KANTİNDE TOST 85 TL, SİMİT 25 TL
Geçtiğimiz haziran ayında 70 TL olan kaşarlı tost fiyatının yeni eğitim döneminde 85 TL’ye çıktığını belirten Koç, simit ve poğaça gibi ürünlerin de 20 TL'den 25 TL'ye yükseldiğini ifade etti. Meşrubat ve su fiyatlarının da benzer şekilde arttığını dile getiren Koç, bu durumun çocukların sağlıklı beslenmesini neredeyse imkânsız hale getirdiğini söyledi.

‘AÇLIĞINI GİZLEMEK İÇİN TENEFFÜSE ÇIKMAYAN ÇOCUKLAR VAR’
Ekonomik krizin veliler üzerindeki baskısını artırdığını dile getiren Koç, “Artık çocuklarımız okulda aç kalıyor. Teneffüslerde kantine inemeyen, arkadaşlarının arasında bir şey yiyemediği için utanan çocuklarımız var. Aç olduğunu belli etmemek için teneffüse bile çıkmayan çocuklarımızdan bahsediyoruz. Ders esnasında açlıktan bayılan çocuk haberlerini her geçen gün daha fazla duyuyoruz. Bu trajik tablo artık münferit değil, ne yazık ki çok yaygın ve giderek derinleşen bir durum” dedi.

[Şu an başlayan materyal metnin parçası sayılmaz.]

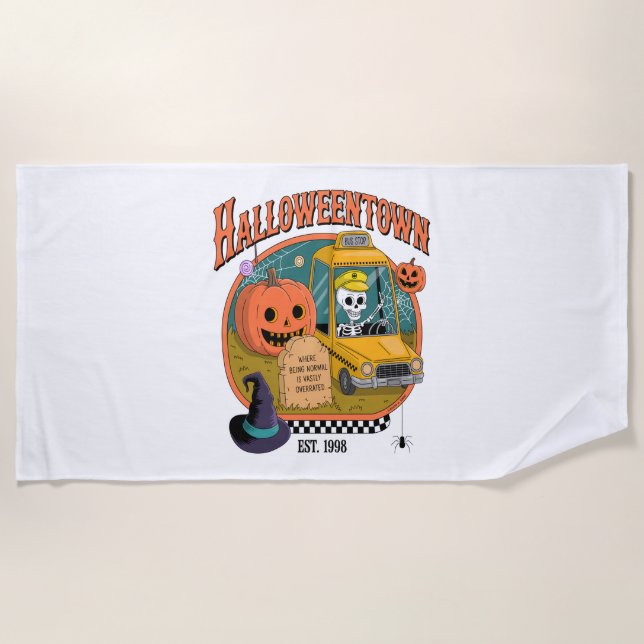 Serviette De Plage Université citrouille Halloweentown (Devant)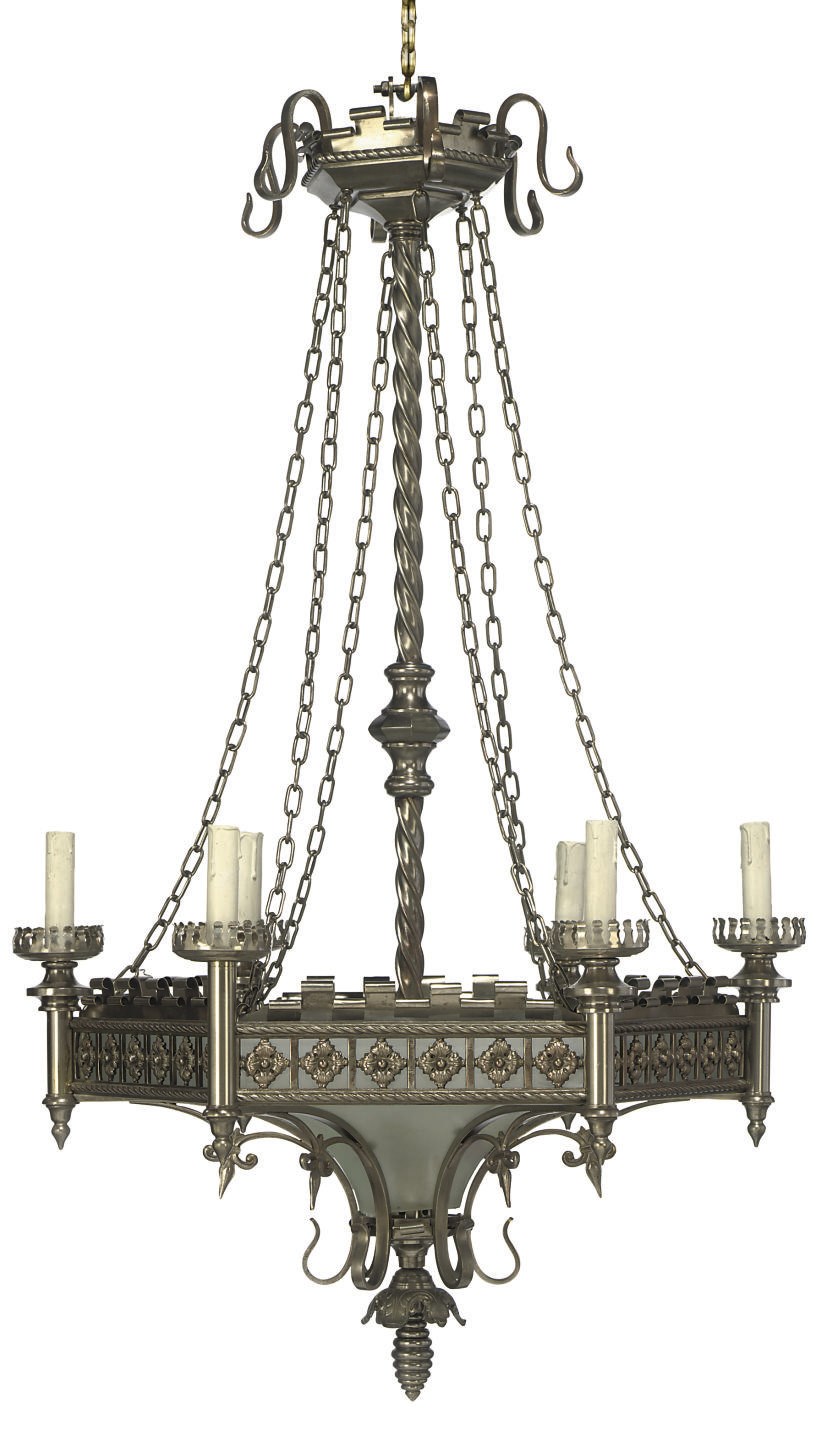 A FRENCH SILVERED-BRASS SIX LIGHT CHANDELIER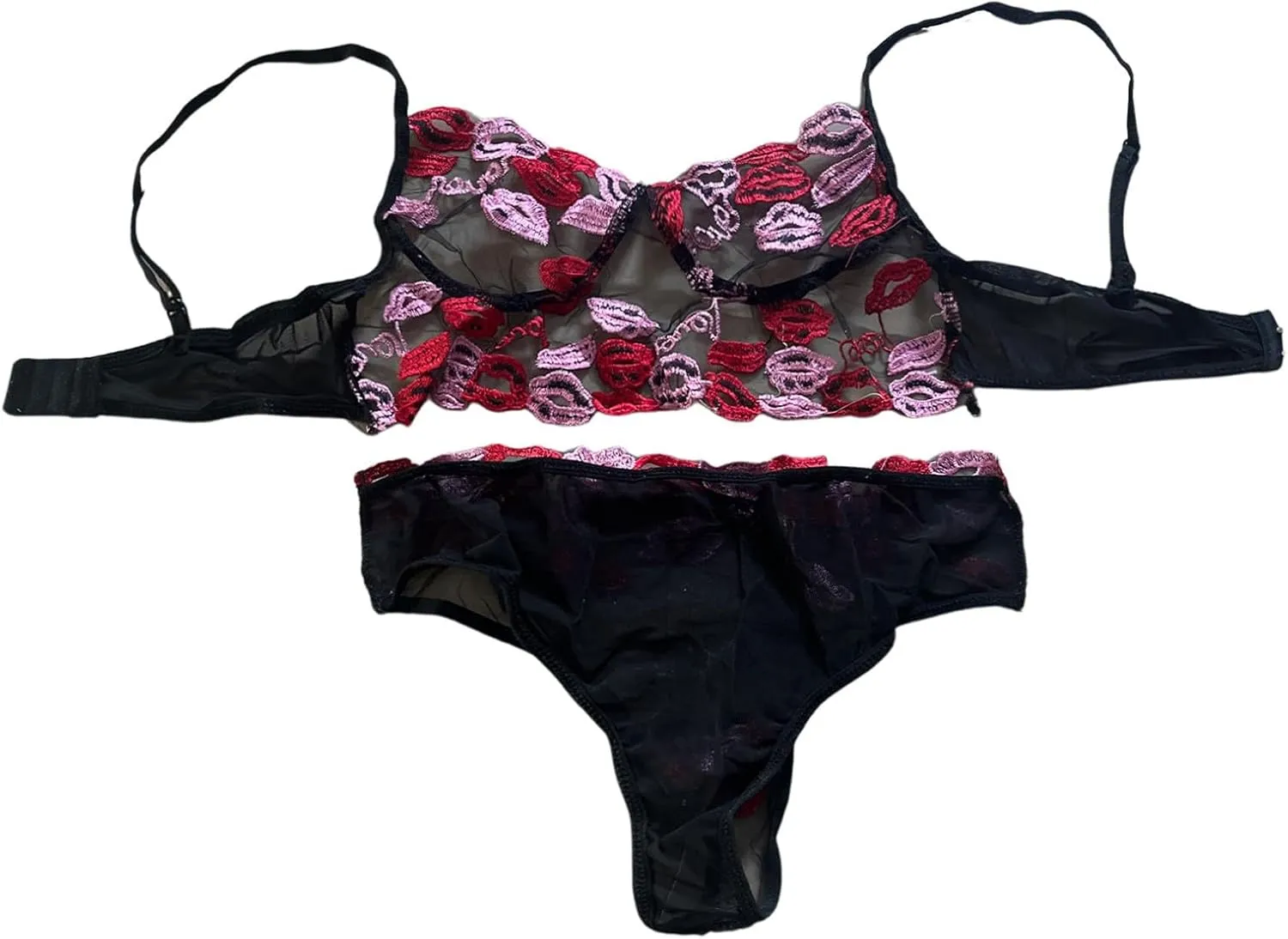Women'S Embroidery Mesh Lingerie Set Sheer Bra And Tie Side Thong Panty Lingerie Sets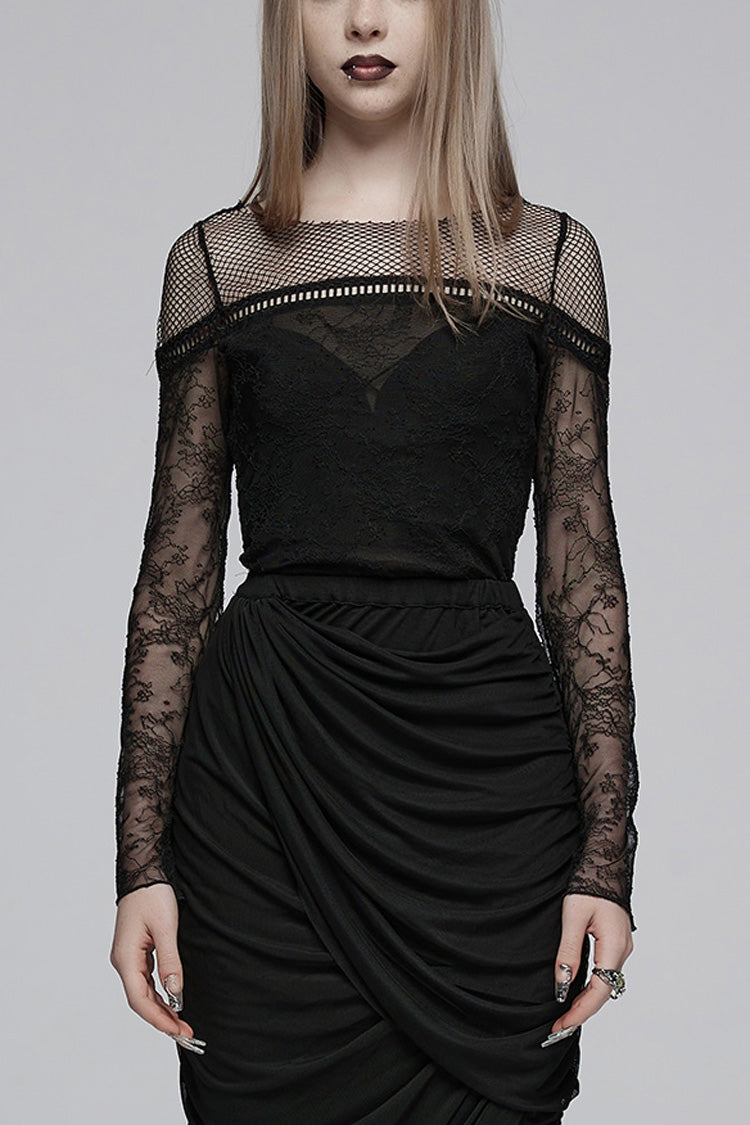 Ebony Crewneck Long-Sleeve Lace-Stitched Slim Fit Gothic Tee for Women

‘VELİLER ARTIK EĞİTİM MASRAFLARINI KARŞILAYAMIYOR’
Eğitim masraflarının velilerin bütçesini aşar hale geldiğini ifade eden Koç, “Geçtiğimiz yıllarda veliler çocuklarının okul ihtiyaçlarını karşılayabilmek için kredi çekmek zorunda kalıyordu. Şimdi ise bırakın kredi çekmeyi, artık bu borcu ödeyebilecek gelir düzeyine bile sahip değil çoğu aile. Sürekli artan harcamalar karşısında dar ve orta gelirli vatandaşlar çaresiz kalıyor. Eğitim harcamaları artık birçok aile için ulaşılamaz bir yük haline geldi” şeklinde konuştu.

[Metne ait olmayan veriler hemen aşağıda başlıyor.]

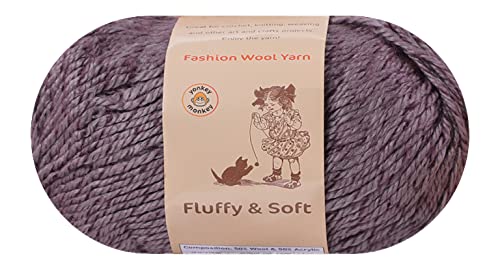 3-Pack Fluffy Wool Yarn By Yonkey Monkey. Lightweight And Soft. Knitting Crochet Diy Art Crafts (Camel 020) #TOP1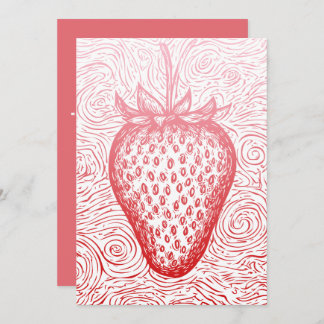 Invitation strawberry swirls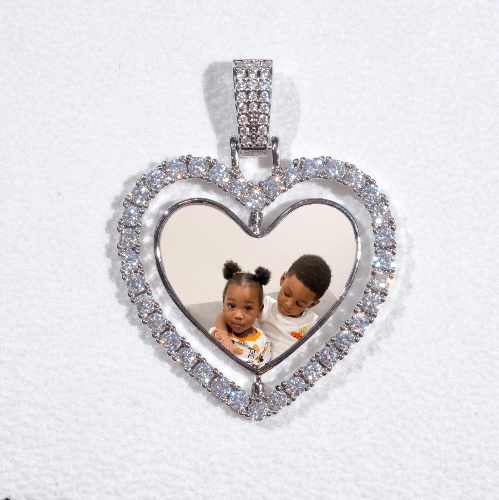 3D Spinning 2-Faced Heart Custom Picture Pendant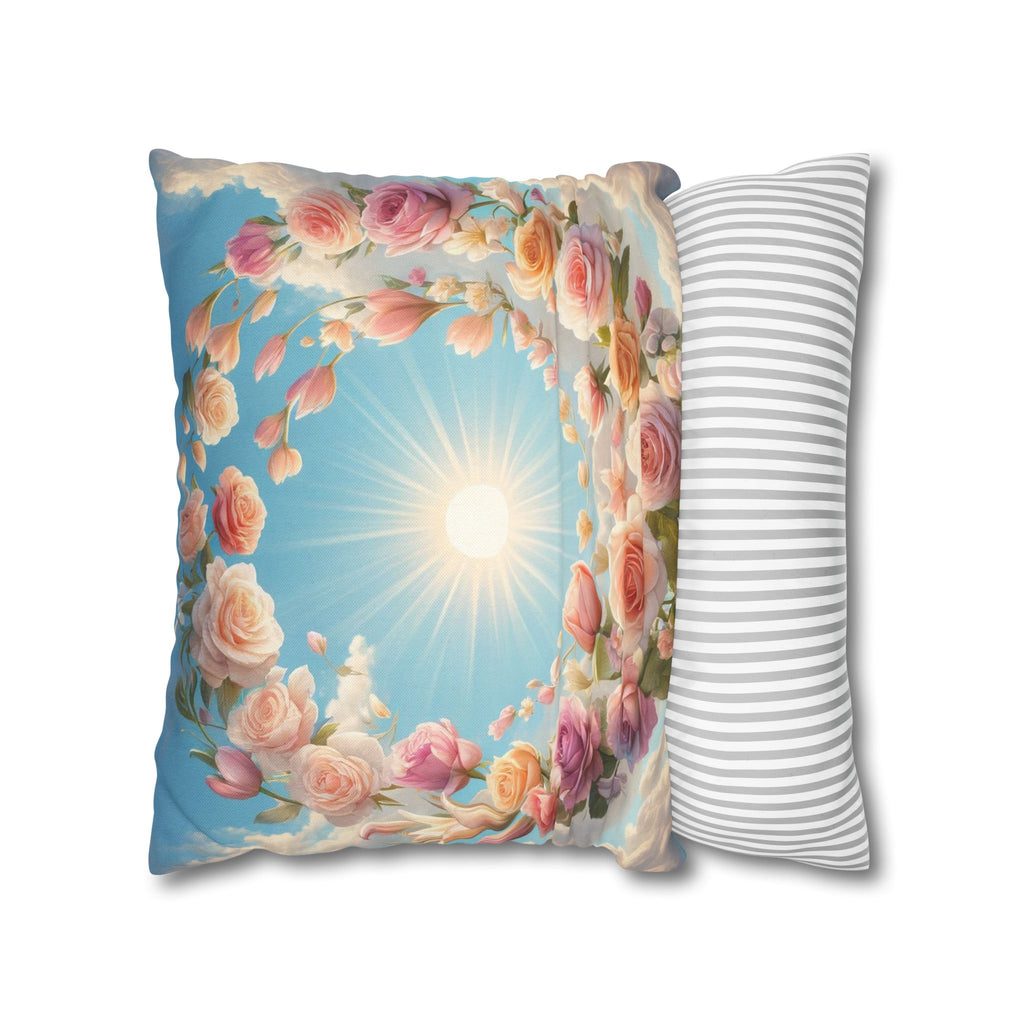 Roses in a circle - Polyester Square Pillowcase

‘İLK OKULU BIRAKAN KIZ ÇOCUKLARI OLUYOR’
Yaşanan ekonomik zorlukların doğrudan okul terklerine yol açtığını belirten Koç, “Okulu ilk bırakanlar genellikle kız çocukları oluyor. Bu durumun devamı, çocuk işçiliği, erken yaşta evlilik, sokakta çalışmak zorunda kalan çocuklar ya da çok daha ağır sosyal sorunlar olarak karşımıza çıkıyor. Bu bir çocukluk hakkı ihlali olduğu kadar, toplumun geleceğine yönelik büyük bir tehdit” dedi.

‘HER DÖRT ÇOCUKTAN BİRİ YOKSUL’
Türkiye’de her dört çocuktan birinin yoksul olduğunu hatırlatan Koç, “Yetersiz beslenme sadece fiziksel değil, zihinsel gelişimi de olumsuz etkiliyor. Beslenme eksikliği çocukların öğrenme kapasitesini düşürüyor, okulda başarısızlığa yol açıyor, eğitim sürecinden kopmalarına sebep oluyor. Eğitimde fırsat eşitliğinden bahsetmek istiyorsak önce çocukların en temel ihtiyacı olan beslenmeyi garanti altına almalıyız” diye konuştu.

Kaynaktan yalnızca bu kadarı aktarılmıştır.